Research analysis
Digitimes Research: Silicon Works expected to expand non-LCD driver IC revenues thanks to LG
Ricky Tu, DIGITIMES Research, Taipei

Although Silicon Works' revenues from the LCD driver IC (LDI) business dropped 8.1% on year and reached KRW128.7 billion (US$120 million) in the first half of 2014 because of two consecutive quarters of decline in iPad shipments, the company is expected to be able to expand its revenues from non-LDI product lines such as LED driver ICs and car electronics ICs in the future as it became a subsidiary of the LG Group in the second quarter of 2014.

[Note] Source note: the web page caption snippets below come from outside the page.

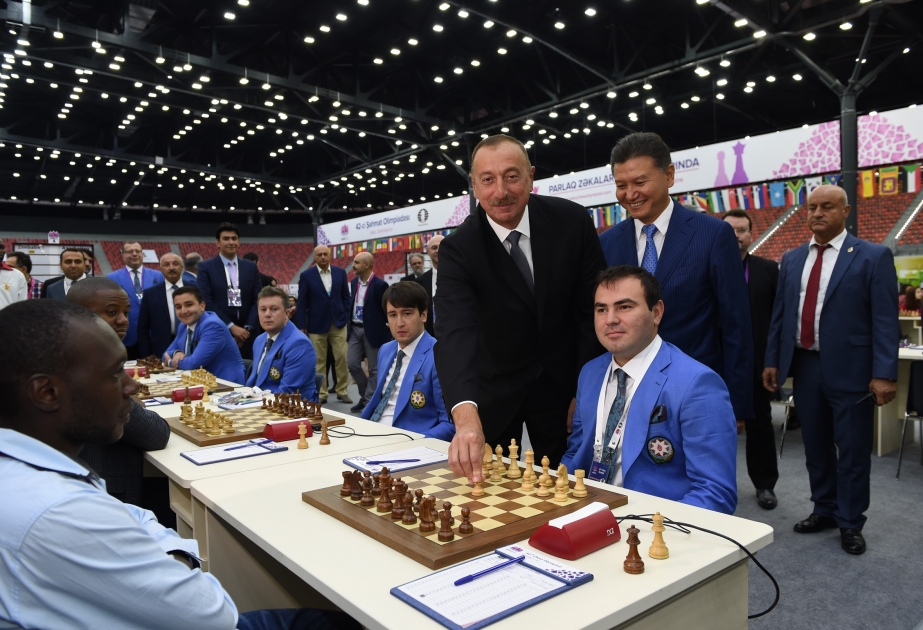 第四十二届世界国际象棋奥林匹克团体赛首轮比赛已开始阿塞拜疆总统伊利哈姆•阿利耶夫到场观看了比赛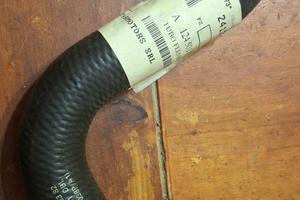 Tubo radiatore Mercedes 200E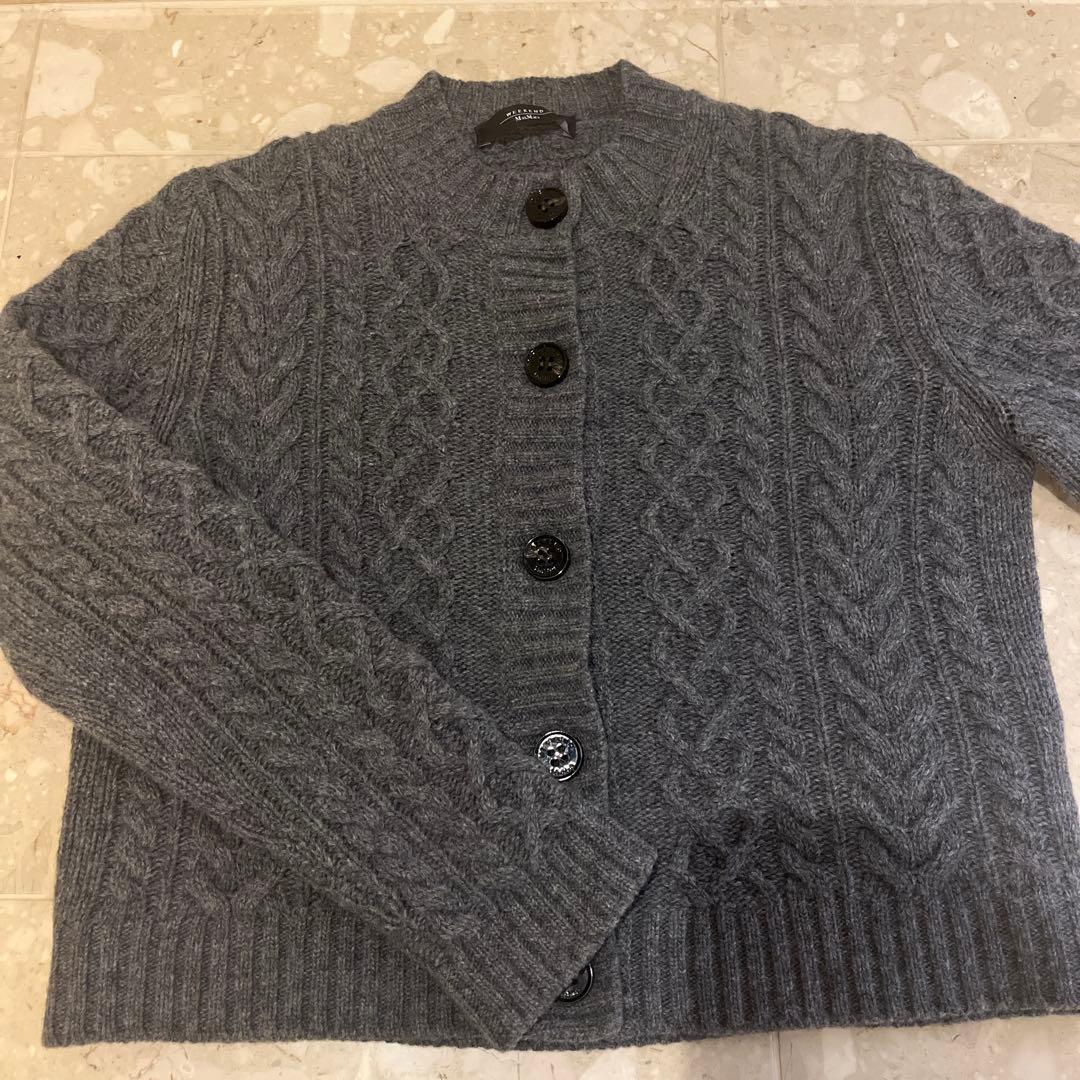 今期　未使用WEEKEND MaxMara グレー カーディガン S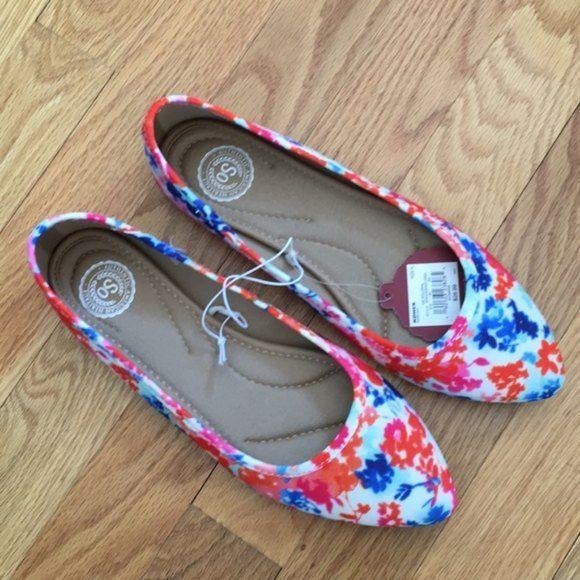 SO Hitide Pointed Toe Flats Multi New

Silicon Works' revenues from non-LDI product lines were higher than those of other major Taiwan and Korea makers during the first half of 2014, with a revenue proportion of 24.3%. The company is expected to continue supplying timing controller (TCon) applications to LG Display in the future in addition to LED driver ICs, car electronics ICs and power management IC applications.

Digitimes Research also expects the company to supply various touch IC solutions to LG Electronics and LG Chemical as a result of LG's stake in the company, which will push up its revenue proportion of non-LDI products in the future.

Digitimes Research also noted that Silicon Works' operating profits increased to 6.5% in the first half despite its revenue decline.